La vie basse

Collection Blanche
Gallimard
Parution
On sera pris sans le savoir au piège de cette histoire sans éclat, qui nous montre dans un jour cru la complexité de quelques êtres réputés simples. Jeanne Bonivert est une déclassée qui se sent attirée en même temps vers le haut et vers le bas. Des études superficielles lui ont donné le goût d'une certaine culture. Après quoi elle a le tort de ne plus compter pour s'élever que sur l'amour.
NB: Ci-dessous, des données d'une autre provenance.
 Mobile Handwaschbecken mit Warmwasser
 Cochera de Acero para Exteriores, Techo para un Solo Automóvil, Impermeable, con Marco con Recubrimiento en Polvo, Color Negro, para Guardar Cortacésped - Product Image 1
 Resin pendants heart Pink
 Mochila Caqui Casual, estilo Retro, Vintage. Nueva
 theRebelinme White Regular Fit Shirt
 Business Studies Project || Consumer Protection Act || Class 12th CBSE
Mais l'amour la déçoit, parce qu'il est lui aussi une inspiration vers le haut et une inclination vers le bas, et Jeanne n'est pas assez consciente pour y discerner l'élément sauveur. Ses tentatives sont une suite d'erreurs : elle méconnait et surestime tout ensemble ce que sont vraiment pour elle, son mari, les hommes et les choses. On voudrait l'avertir, la guider par la main. Elle se perd dans la résignation au moment où elle peut se libérer et toucher enfin le réel.
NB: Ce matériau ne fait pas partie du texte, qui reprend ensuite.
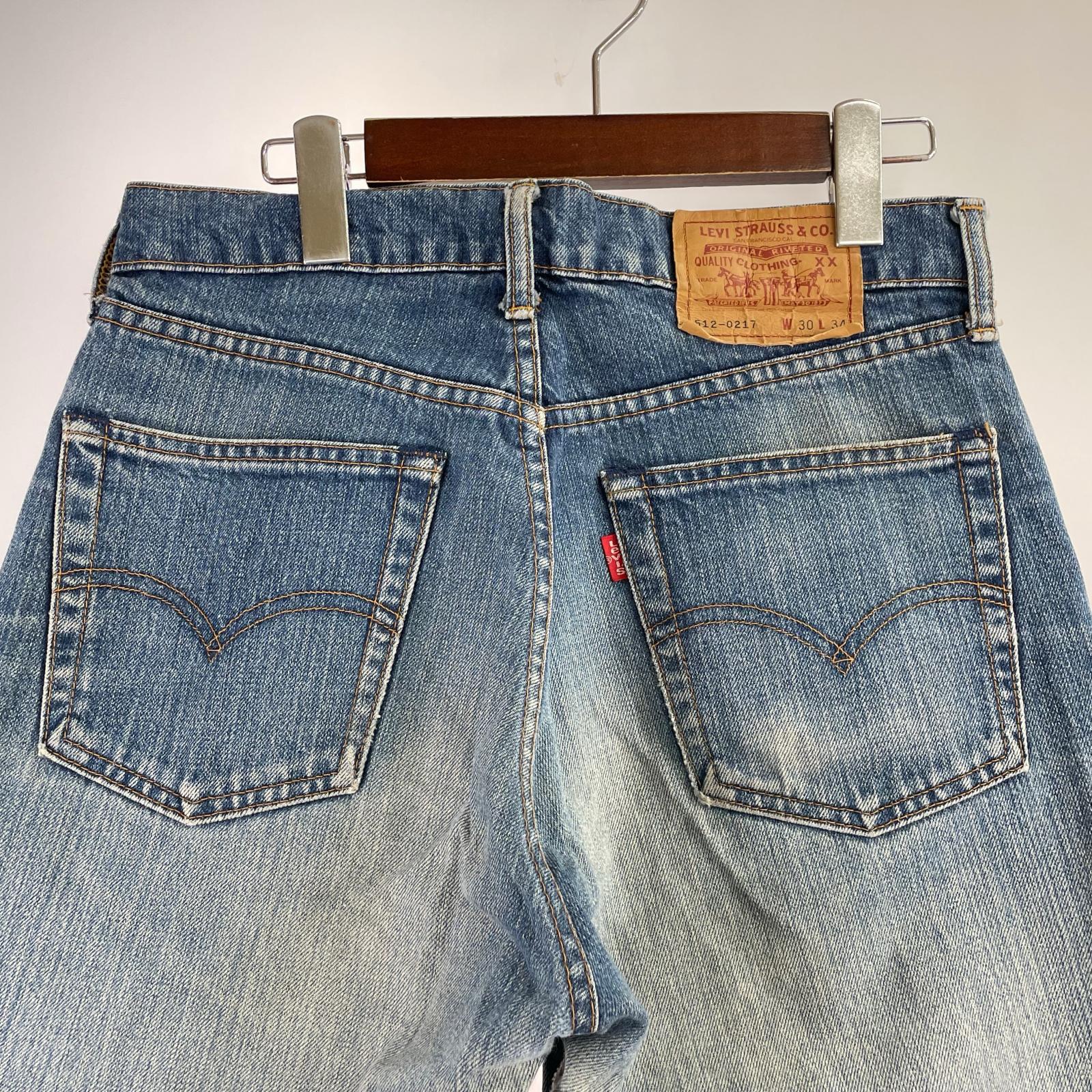 デニムパンツ 512-0217/W30L34 ブルー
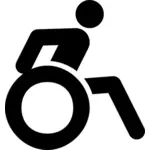 Wózek inwalidzki z osobą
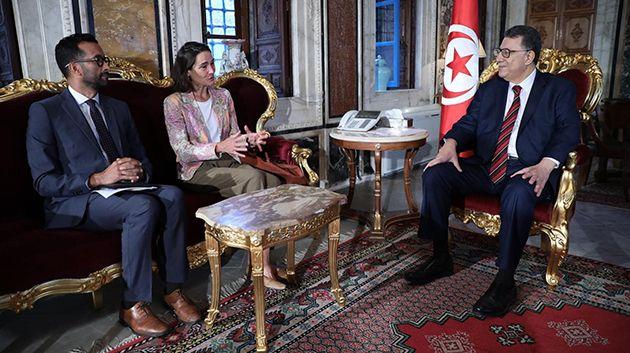 رئيس البرلمان يتحادث مع سفيرة مملكة هولندا بتونس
Pourtant, le récit n'est pas pessimiste. Il respire la sensualité familière, et la douceur aussi bien que l'âpreté du quotidien. Le faubourg qui lui sert de cadre, fidèlement évoqué d'après un coin de la banlieue liégeoise, est plein d'animation, de confort et de drôlerie, on le quitte un moment pour s'échapper dans la campagne du pays de Herve, pays opulent mais sans gloire. Ainsi la grâce de ce roman est toute intérieure, sous-entendue et comme négligée.